Dropping every picture, set down exactly the lines in the entries below, starting with the line with "River nymph — Stock Vector" and going on through the line with "Cockpit of Amalthia, a".
[Given records — start]
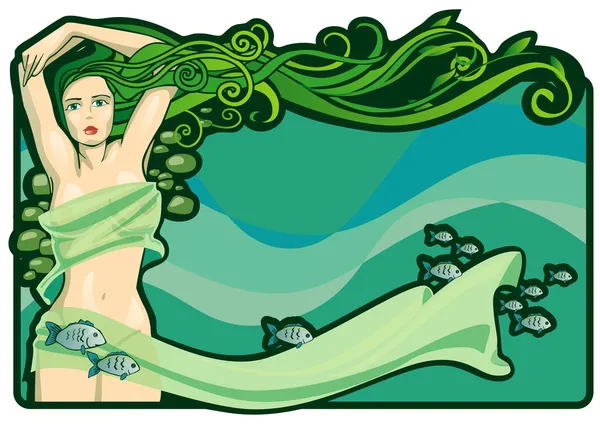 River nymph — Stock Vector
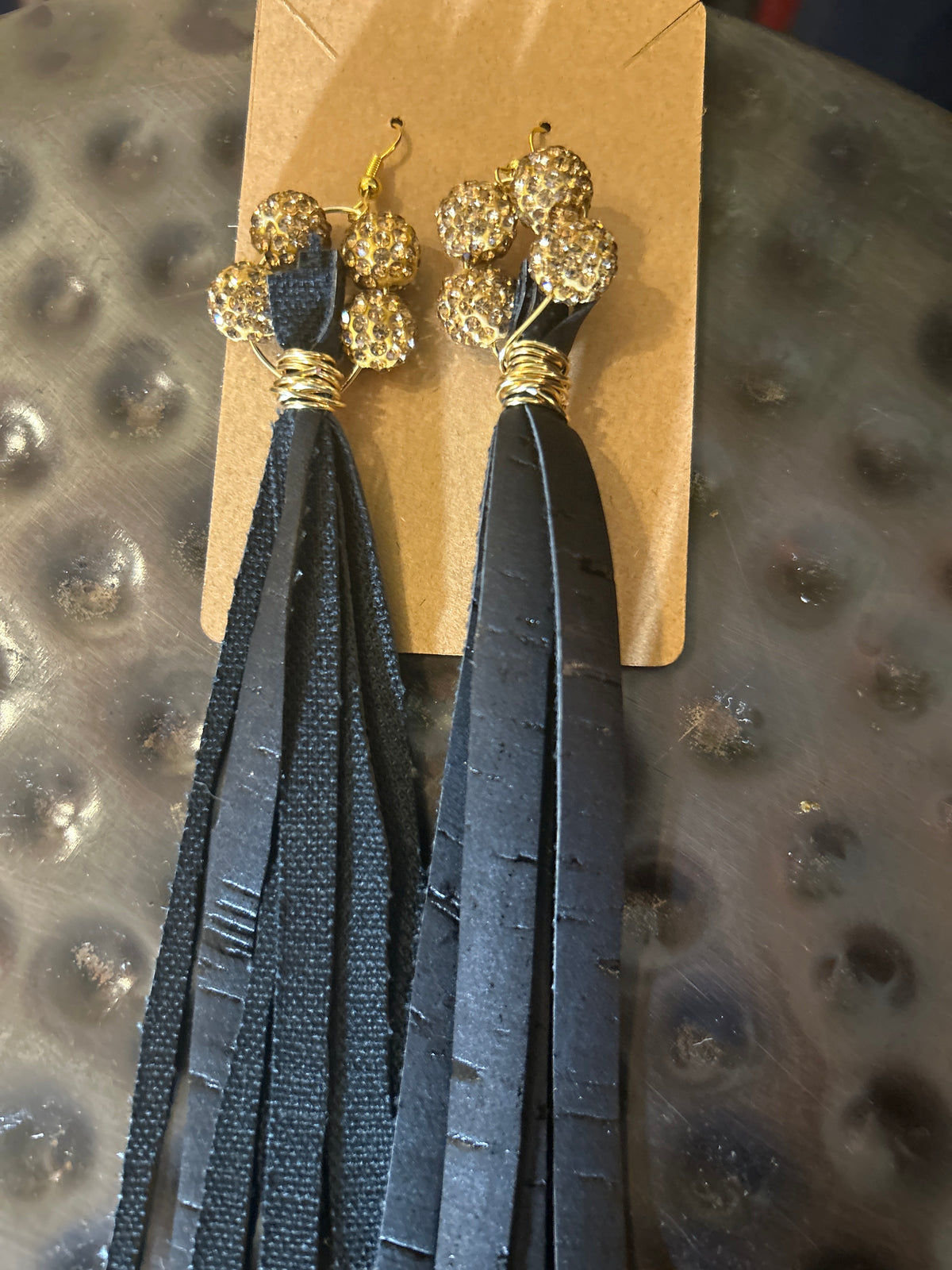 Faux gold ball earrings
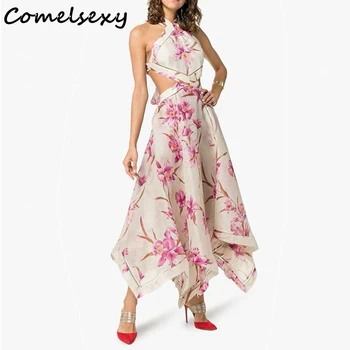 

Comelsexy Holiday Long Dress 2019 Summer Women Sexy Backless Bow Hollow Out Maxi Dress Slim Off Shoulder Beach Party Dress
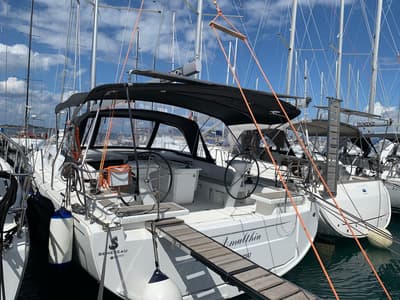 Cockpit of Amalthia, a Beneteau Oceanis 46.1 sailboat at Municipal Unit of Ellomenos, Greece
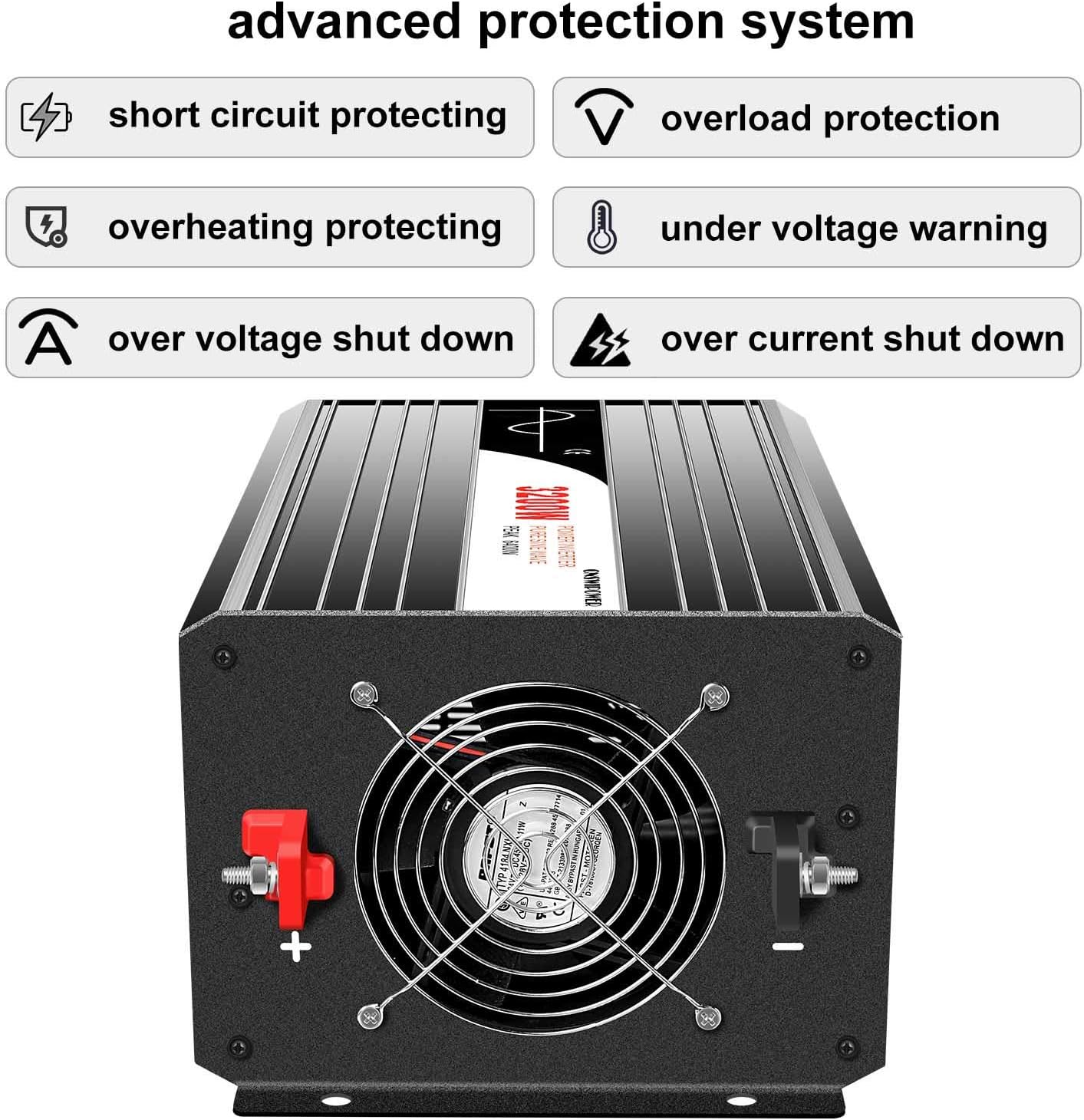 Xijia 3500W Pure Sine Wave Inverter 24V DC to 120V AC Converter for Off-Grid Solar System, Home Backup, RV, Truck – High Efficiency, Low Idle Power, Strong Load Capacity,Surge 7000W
[Given records — finish]
[Given records — start]
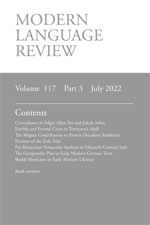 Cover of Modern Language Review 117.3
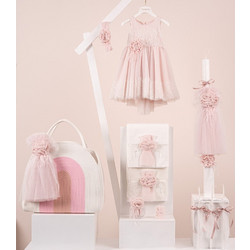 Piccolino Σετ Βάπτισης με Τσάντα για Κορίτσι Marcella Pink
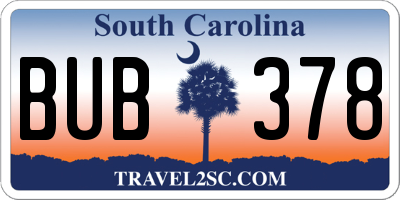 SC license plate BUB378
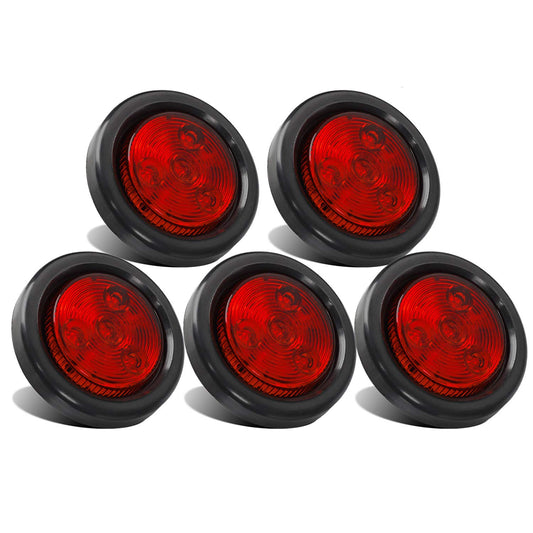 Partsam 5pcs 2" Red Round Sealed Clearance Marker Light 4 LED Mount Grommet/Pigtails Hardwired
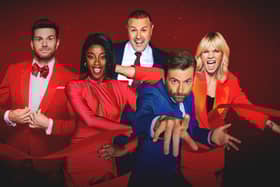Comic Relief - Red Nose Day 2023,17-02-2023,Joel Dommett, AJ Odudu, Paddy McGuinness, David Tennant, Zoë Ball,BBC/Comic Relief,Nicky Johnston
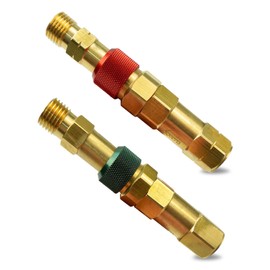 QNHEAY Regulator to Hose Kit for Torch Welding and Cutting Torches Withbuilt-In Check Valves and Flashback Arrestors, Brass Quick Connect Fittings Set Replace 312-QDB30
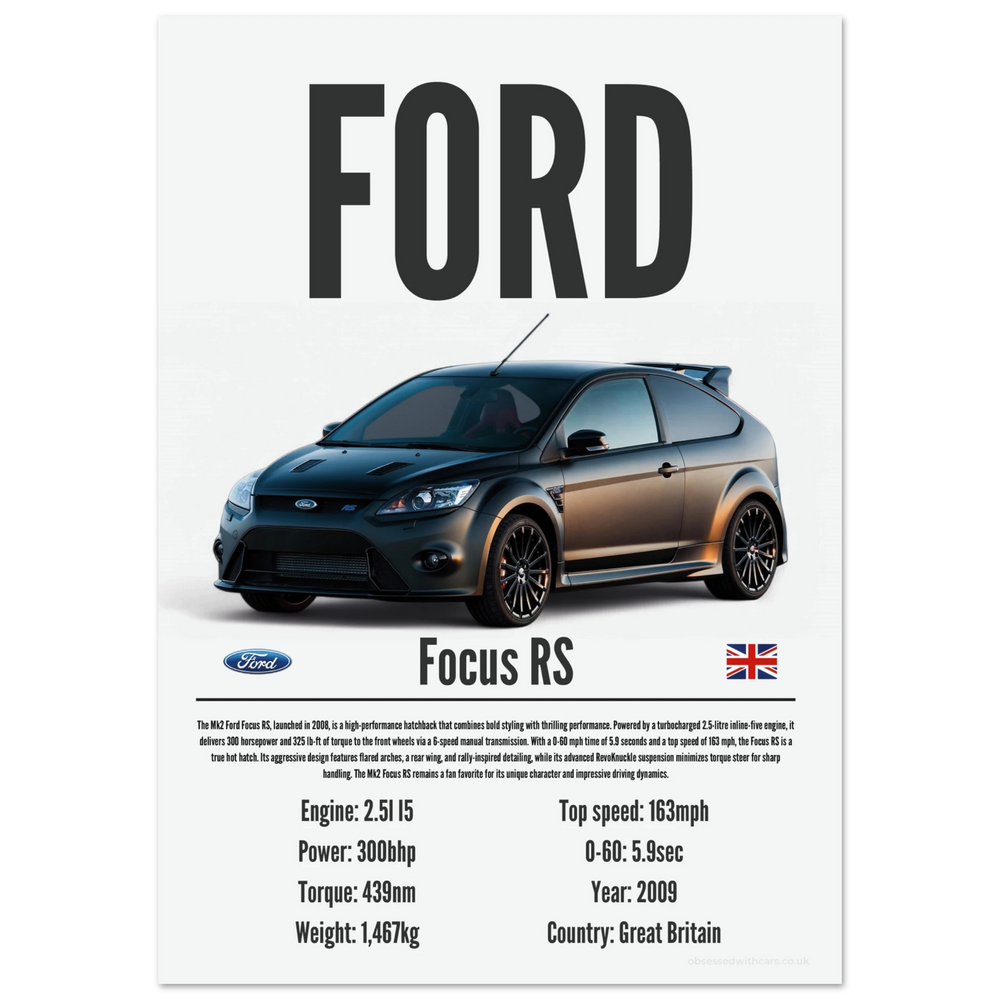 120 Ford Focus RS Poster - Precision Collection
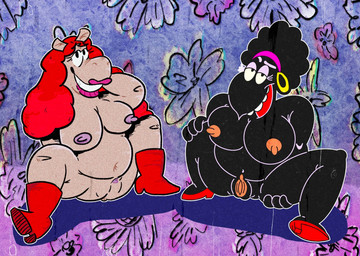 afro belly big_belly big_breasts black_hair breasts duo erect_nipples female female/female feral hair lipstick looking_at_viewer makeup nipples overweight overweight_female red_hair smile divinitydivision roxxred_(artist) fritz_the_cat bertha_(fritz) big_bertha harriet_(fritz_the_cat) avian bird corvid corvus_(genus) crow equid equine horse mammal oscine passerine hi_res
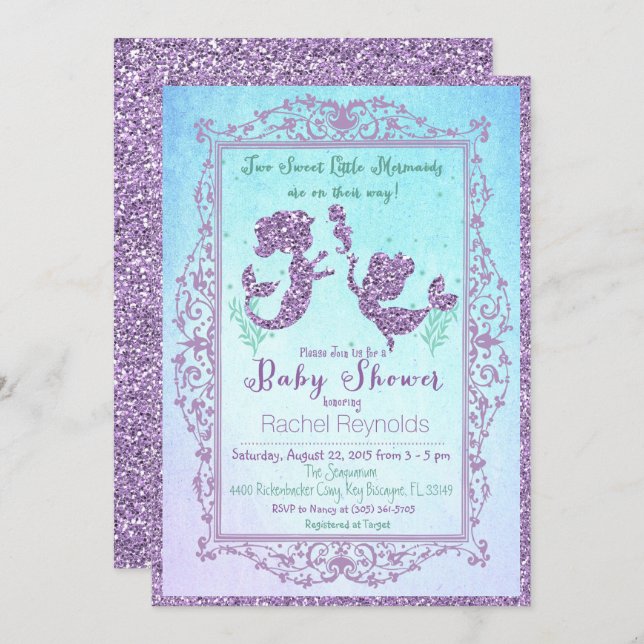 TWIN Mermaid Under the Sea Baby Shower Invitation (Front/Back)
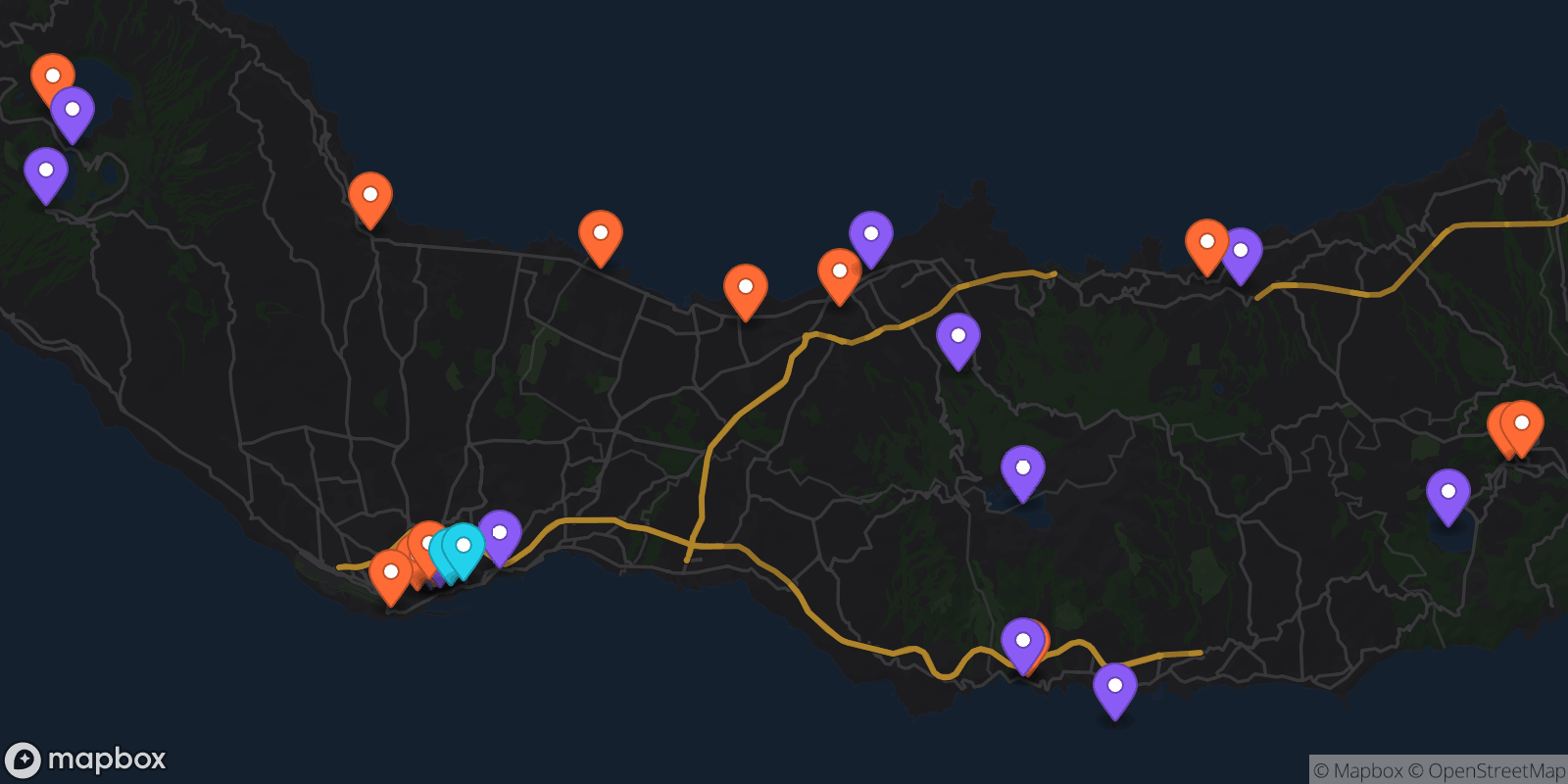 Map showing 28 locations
[Given records — finish]
Written solution =>
 River nymph — Stock Vector
 Faux gold ball earrings

Comelsexy Holiday Long Dress 2019 Summer Women Sexy Backless Bow Hollow Out Maxi Dress Slim Off Shoulder Beach Party Dress
 Cockpit of Amalthia, a Beneteau Oceanis 46.1 sailboat at Municipal Unit of Ellomenos, Greece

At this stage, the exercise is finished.